Of course the move to Long Island means that Mother feels abandoned all over again, despite the fact that we'll fly her up from time to time and despite the fact that I have two siblings still living in central Texas. I've pretty much been her social secretary for 20 years now, managing where she (and formerly, she and my dad) spent the holidays, took ski vacations, and parked their motor home (and didn't I get sick of seeing that monstrosity parked in the driveway? the neighbors certainly got tired of it). The role of Mom's Social Organizer I now surrender to my siblings. I wish them well. They can comfort Mother by telling her that if I die in New York, as she is convinced will happen because global warming is going to drown Long Island some time next year, she'll still have them.

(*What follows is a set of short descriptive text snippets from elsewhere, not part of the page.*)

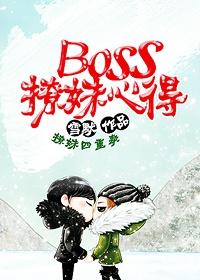 boos 撩妻攻略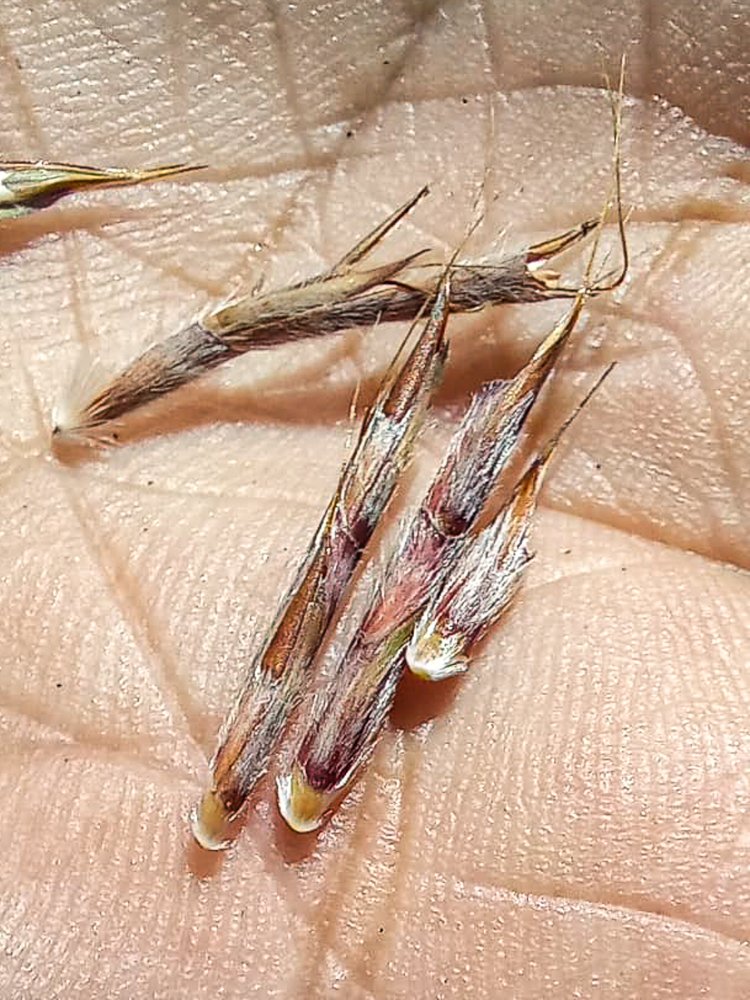 Schizachyrium sanguineum (Retz.) Alston – Capim-roxo
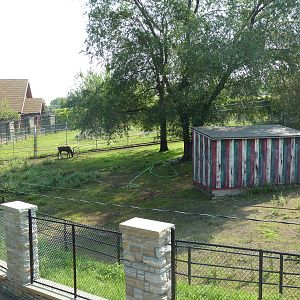 Reindeer Exhibit
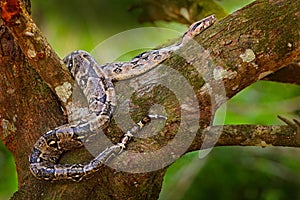 Snake on the tree trunk. Boa constrictor snake in the wild nature, Belize. Wildlife scene from Central America. Boa constrictor, f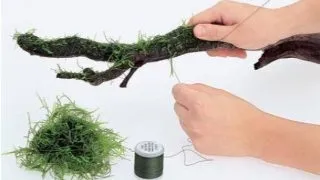 Fir legare moss ADA Moss Cotton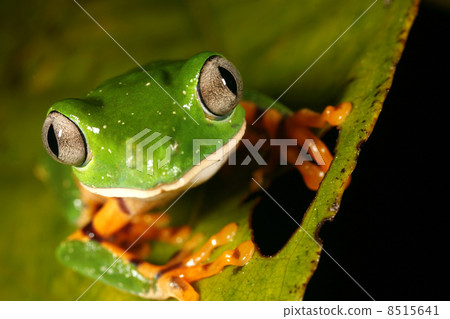 Barred monkey frog (Phyllomedusa tomopterna) 8515641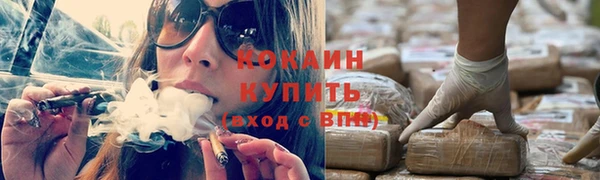 дмт Пестово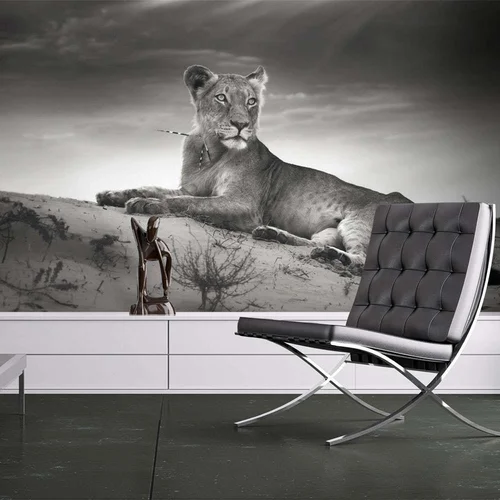  tapeta - Black and white lioness 350x270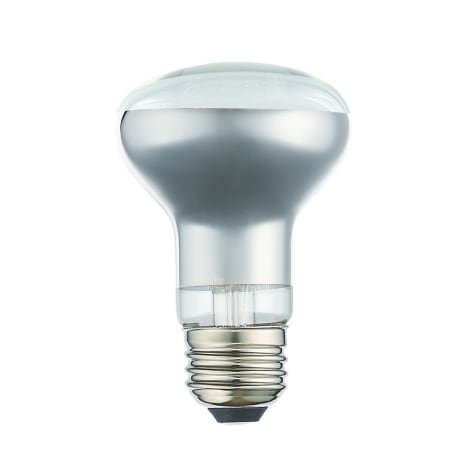 A large image of the Livex Lighting 960711X60 Single Bulb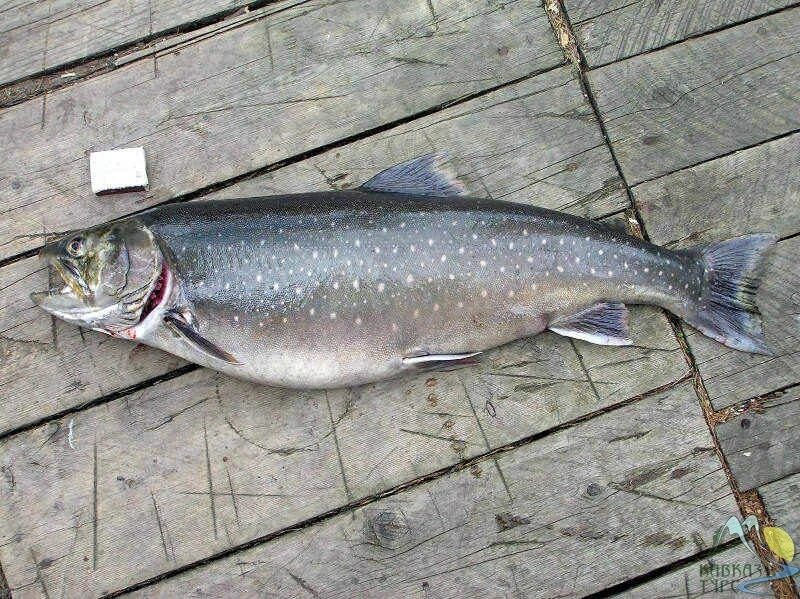 Палия ладожская. Голец палия. Ладожский голец. Голец палия ладога. Ладожский лосось палия.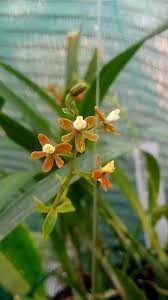 Attēlu rezultāti vaicājumam “Oecetis ochracea”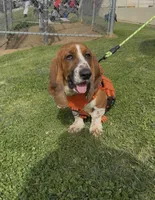 Basset Hound boy Lowrider, a male Basset Hound for sale in Moreno Valley, CA – Photo 2 of 4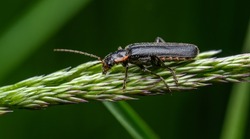 soldier beetle (Cantharis) on grass inflorescence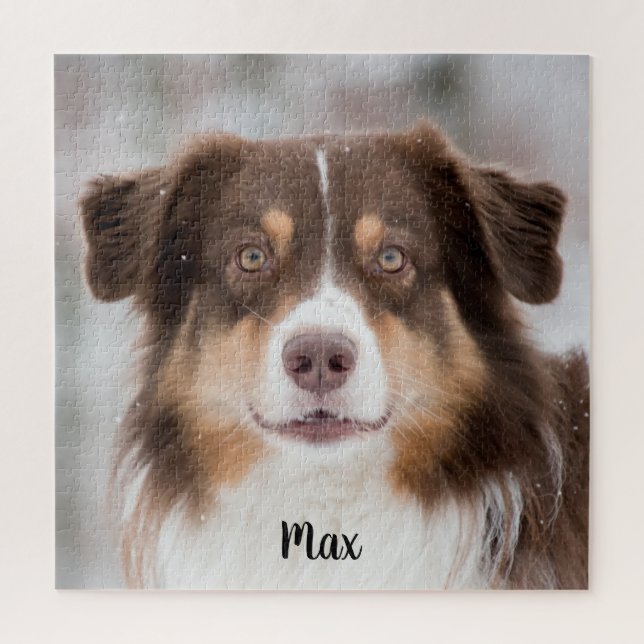 Chocolate Australian Shepherd Puppy Dog Jigsaw Puzzle (Vertical)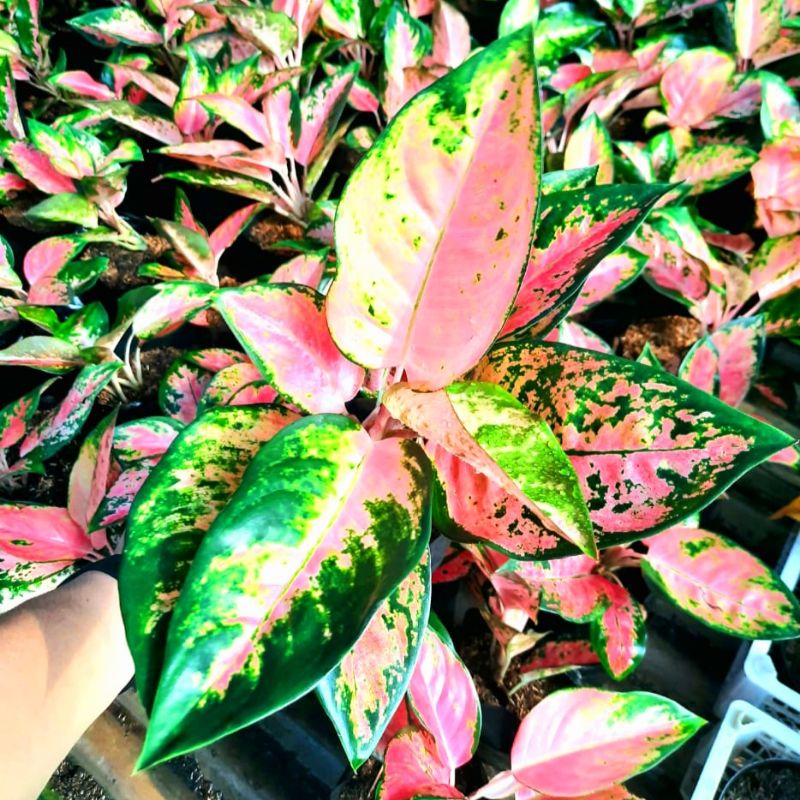 AGLONEMA KOCHIN PARAMUAI/ KOCHIN MURAH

Or maybe I'm kidding myself that mere distance could ever really mean separation. For the second time in 53 years, I'm about to put more than 200 miles between myself and my mom and I don't really believe it's going to happen this time around. My parents made sure it was hard enough the first time, staging a spectacular crack-up in their marriage one week before my flight to London. I went anyway, hoping they'd grow up while I was gone. But they never quite grew up. And now there's just my reclusive mum left, determined to have no friends but her adult children. I wonder what disaster looms to keep me from leaving. The swine flu, maybe. Or perhaps mother will break a hip. "She better not, or I'll fly back to Texas and break her other hip," Mike said grumpily. He's lived alone for a year now, away from the family he loves and the house we built together. He's understandably short of sympathy for Mother's paranoias.
I hope Mike doesn't have to endure the separation much longer, but it's a foal-sized hope, teetering about on unsteady legs. Despite all the boxes we've packed and loaded, despite the months of effort selling our house and placating a heart-broken teenager, I still don't have a lot of faith that I'm really going to achieve what is a simple fact for millions of adults: living in a different timezone from Mom.